Judging from the features that were induced, the speaker cluster feature appears not to have been informative. One significant new aspect of the segmentation system was that individual models were trained for the different news sources: one for each of the ABC, CNN, PRI, and VOA sources. While VOA consists of two subsources in the development data (and three in the evaluation data), a single VOA model was trained. The use of source-dependent models led to a 1-2% absolute improvement in Cseg on the training set. A less significant change from the TDT-1 system was that the cue-word vocabulary was reduced, in order to decrease the number of candidate features and thus speed up the process of feature selection. A preliminary error analysis suggests that this may have hurt performance somewhat, since several important words, particularly for the VOA sources, were missing. Approximately 200 features were induced for each of the sources; cross-validation was carried out on the smaller sources (ABC, PRI, VOA) to determine the best stopping point, but no smoothing was used.

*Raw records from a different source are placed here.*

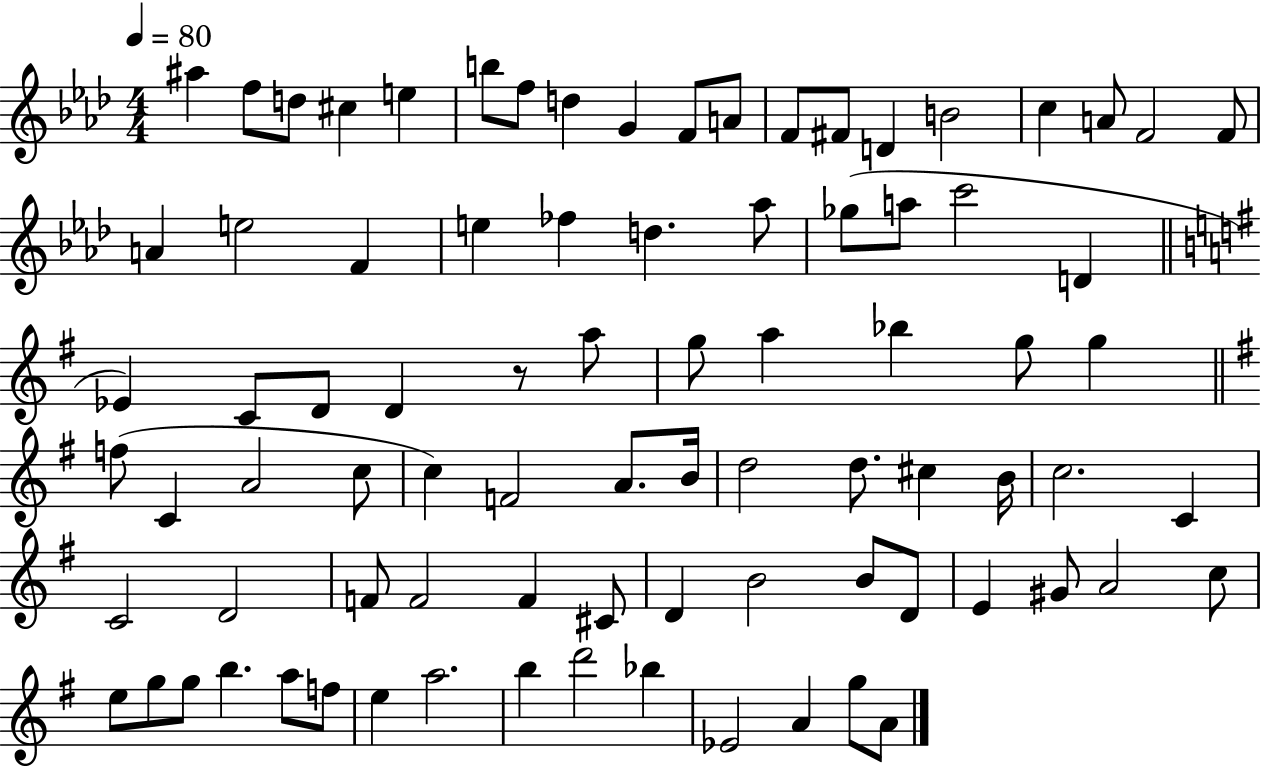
{
  \clef treble
  \numericTimeSignature
  \time 4/4
  \key aes \major
  \tempo 4 = 80
  ais''4 f''8 d''8 cis''4 e''4 | b''8 f''8 d''4 g'4 f'8 a'8 | f'8 fis'8 d'4 b'2 | c''4 a'8 f'2 f'8 | \break a'4 e''2 f'4 | e''4 fes''4 d''4. aes''8 | ges''8( a''8 c'''2 d'4 | \bar "||" \break \key g \major ees'4) c'8 d'8 d'4 r8 a''8 | g''8 a''4 bes''4 g''8 g''4 | \bar "||" \break \key g \major f''8( c'4 a'2 c''8 | c''4) f'2 a'8. b'16 | d''2 d''8. cis''4 b'16 | c''2. c'4 | \break c'2 d'2 | f'8 f'2 f'4 cis'8 | d'4 b'2 b'8 d'8 | e'4 gis'8 a'2 c''8 | \break e''8 g''8 g''8 b''4. a''8 f''8 | e''4 a''2. | b''4 d'''2 bes''4 | ees'2 a'4 g''8 a'8 | \break \bar "|."
}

There were a few things that had been useful for TDT-1 data and other manually transcribed texts that did not prove to be effective on the TDT-2 ASR-text data. For example, in previous work a significant reduction in miss rate resulted from growing a decision tree on the same data, and then linearly interpolating the tree and the exponential model. However, the performance of decision trees was significantly lower on the TDT-2 data, and so they were not used. We also experimented with boosted decision trees, but these too performed significantly worse than the exponential models. In particular, we used the Real AdaBoost algorithm [4] applied to 3-level and 1-level decision trees as "weak learners," but these performed just slightly better than a single tree, with a roughly 3% higher absolute Cseg than the maximum entropy method. Further work needs to be done to better understand these negative results.
In spite of the fact that the additional error reduction methods proved ineffective, our results using the standard TDT error metric for segmentation was the lowest, 0.1463 in the official evaluation on the previously unseen stream of test stories.
The operation of the system is fairly straightforward. First, the inverse-document frequencies for all terms are initialized using a training corpus. As new stories "arrive" in the deferral window, they are used to update the IDF statistics. Then, the entire deferral window is clustered using GAC with fractionation [7], an efficient greedy agglomerative clustering algorithm. This method divides the incoming data stream into sequential buckets, clustering by cosine similarity within each bucket, and then merging clusters among buckets. Additional shuffling and reclustering among stories in adjacent buckets improves performance. A fortunate property of fractionation lies in the way it achieves it's efficiency- by dividing the data, and performing a partial clustering, and repeating; by using the time of stories as a criteria for these divisions we can prefer associating stories that occur nearby in time. Preferring temporally proximate stories in this way provided a substantial performance increase in earlier TDT work.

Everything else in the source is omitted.